- Created by: Malcolm Bird Kathy Rogers
- Written by: Malcolm Bird
- Directed by: Grazia Caroselli Kris Curry Malcolm Bird Patrick Doody Chris Valenziano
- Presented by: Rob Czar Kamaya Jones Clinton McLean Michelle Armitage
- Country of origin: United States
- Original language: English
- No. of seasons: 1
- No. of episodes: 12

Production
- Executive producer: Jim Rapsas
- Producer: Malcolm Bird
- Running time: 30 minutes
- Production companies: Discovery Kids RDF Media LA

Original release
- Network: Discovery Kids
- Release: 5 October 2002 – 15 February 2003

= Operation Junkyard =

Operation Junkyard is an American television series that aired from October 5, 2002 to February 15, 2003 on Discovery Kids.

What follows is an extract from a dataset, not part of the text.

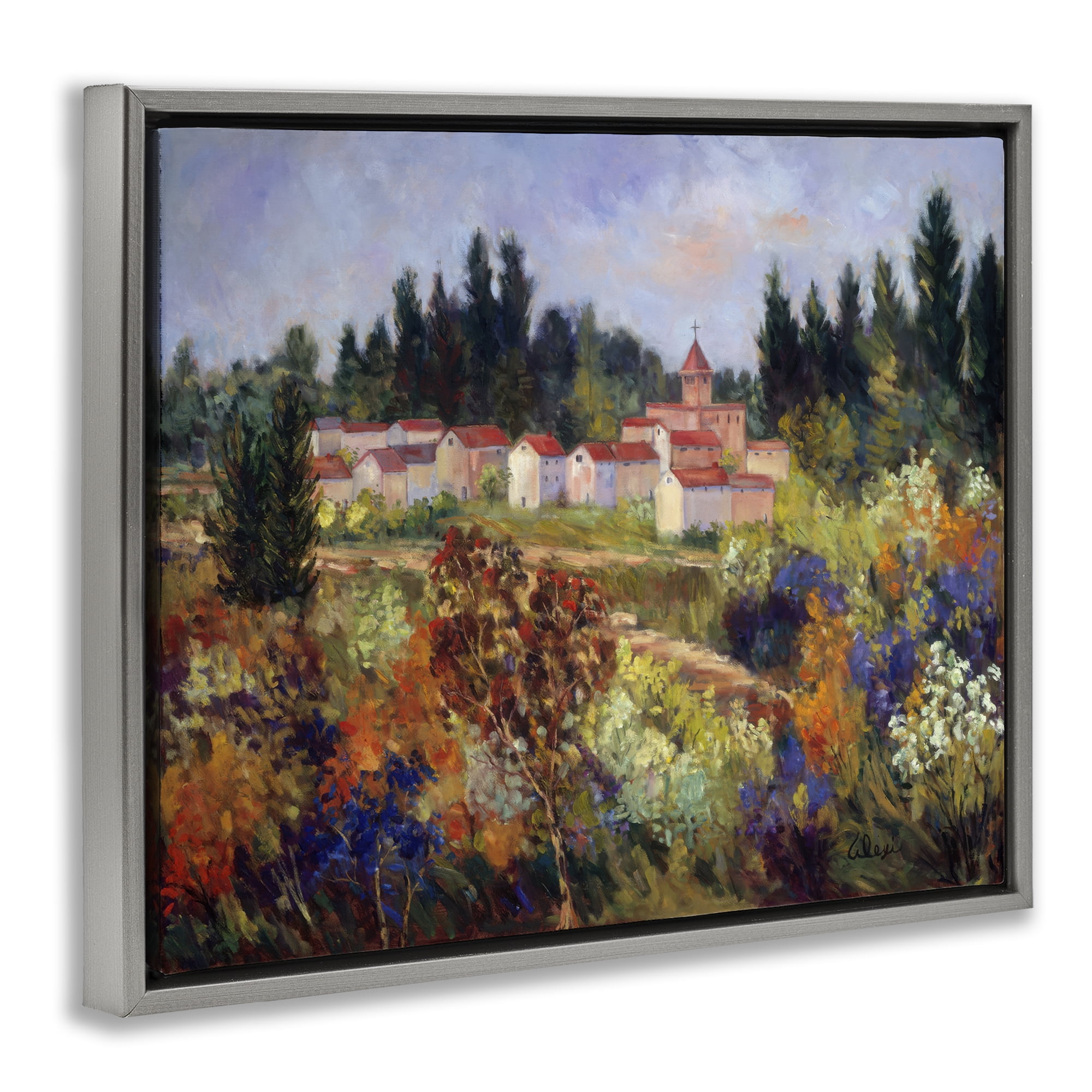 Stupell Industries Tuscan Countryside Garden Landscape & Nature Painting Gray Floater Framed Canvas Art Print Wall Art, 31 x 25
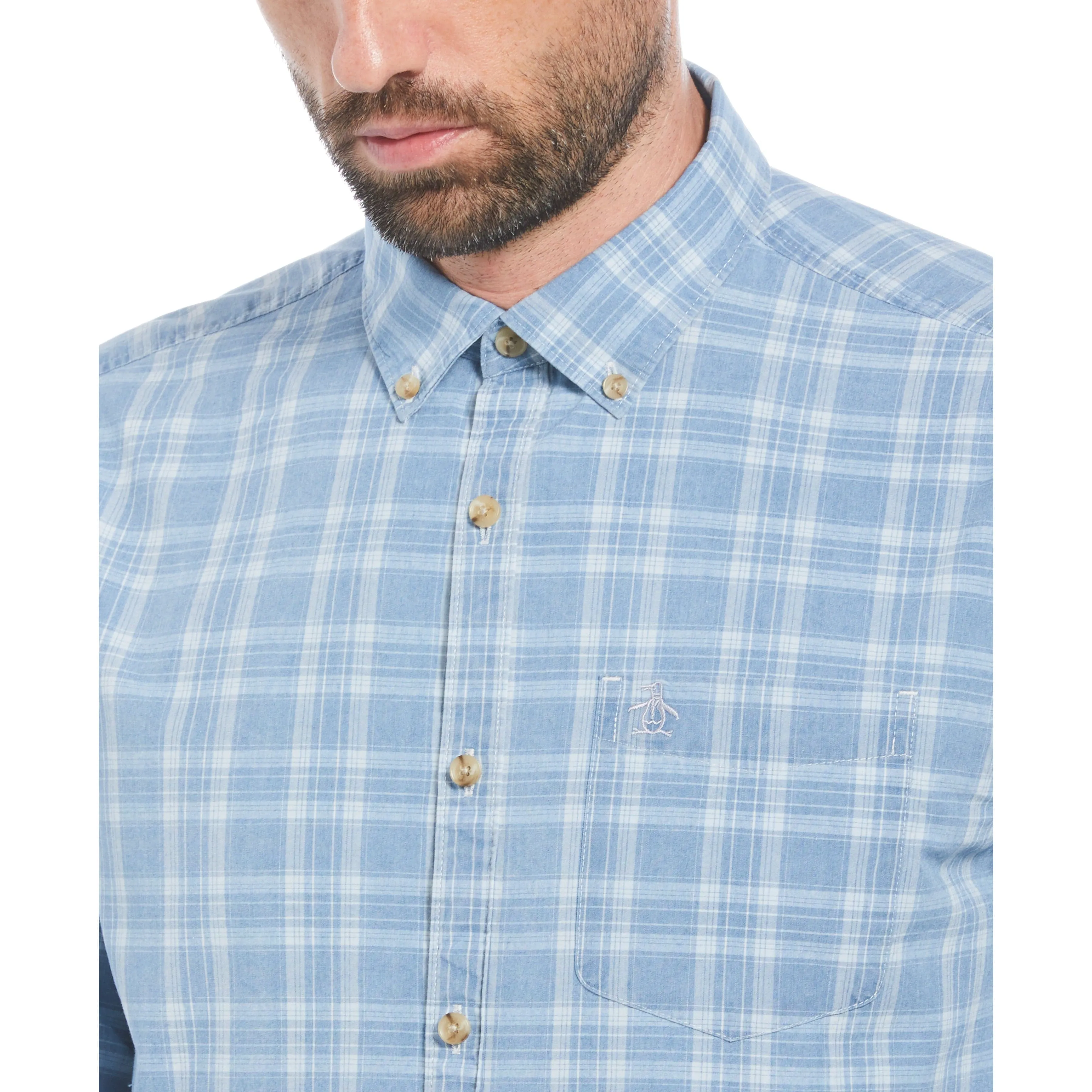 Cotton Indigo Plaid Print Button-Down Shirt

Essentially a spin-off of TLC's popular series Junkyard Wars, OP/JY featured teams of teens that were challenged to build gadgets out of junk in six hours. Teams featured on the show include the Rummaging Robots and Jurassic Junkers, and the teams were tasked to build gadgets like water bailing machines, mud scooters, and remote control battleships.

==Premise==
At the beginning of each show the challenge of the day was revealed and teams attempted to collect "bodgits" by completing small challenges. "Bodgits" were helpful advantages that teams could earn, including time with the on-set engineer or special parts for use in their build. Two identical school buses filled with junk were given to the teams, who had six hours to create their contraptions.

==Teams==

| Team name |
|---|
| Jurassic Junkers |
| Banging Builders |
| Rummaging Robots |
| Scrap Scavengers |
| Scrap Heap Henchmen |
| Gearhead Gremlins |
| Garbage Gorillas |
| Renegade Recyclers |
| Junkyard Jugglers |
| Funky Junkers |
| Raging Racers |
| Demolition Dudes |

==Episodes==

| # | Gadget Made |
|---|---|
| 1 | Catapult |
| 2 | Water Bailer |
| 3 | Water Bike |
| 4 | Cannon |
| 5 | Baseball Pitcher |
| 6 | Master Water Blaster |
| 7 | Go Cart |
| 8 | Mechanical Crane |
| 9 | Ice Drag Racer |
| 10 | Mud Scooter |
| 11 | Pie Filling Machine |
| 12 | Battleship |

==Reception==
In a positive review, The San Diego Union-Tribune television critic Roshni Kakaiya wrote, "I really recommend this show to everyone, even younger kids. The story has a lot of meaning. If I could rate this on a scale of colors, black being the worst and gold being the best, I would rate this show silver." Calling the show "entertaining and educational", The Dallas Morning Newss Jeanne Spreier gave it an A-minus, writing that it "gets high marks for all sorts of reasons, not the least of which is using words such as release valve, psi gauge and propulsion—and making them synonymous with fun".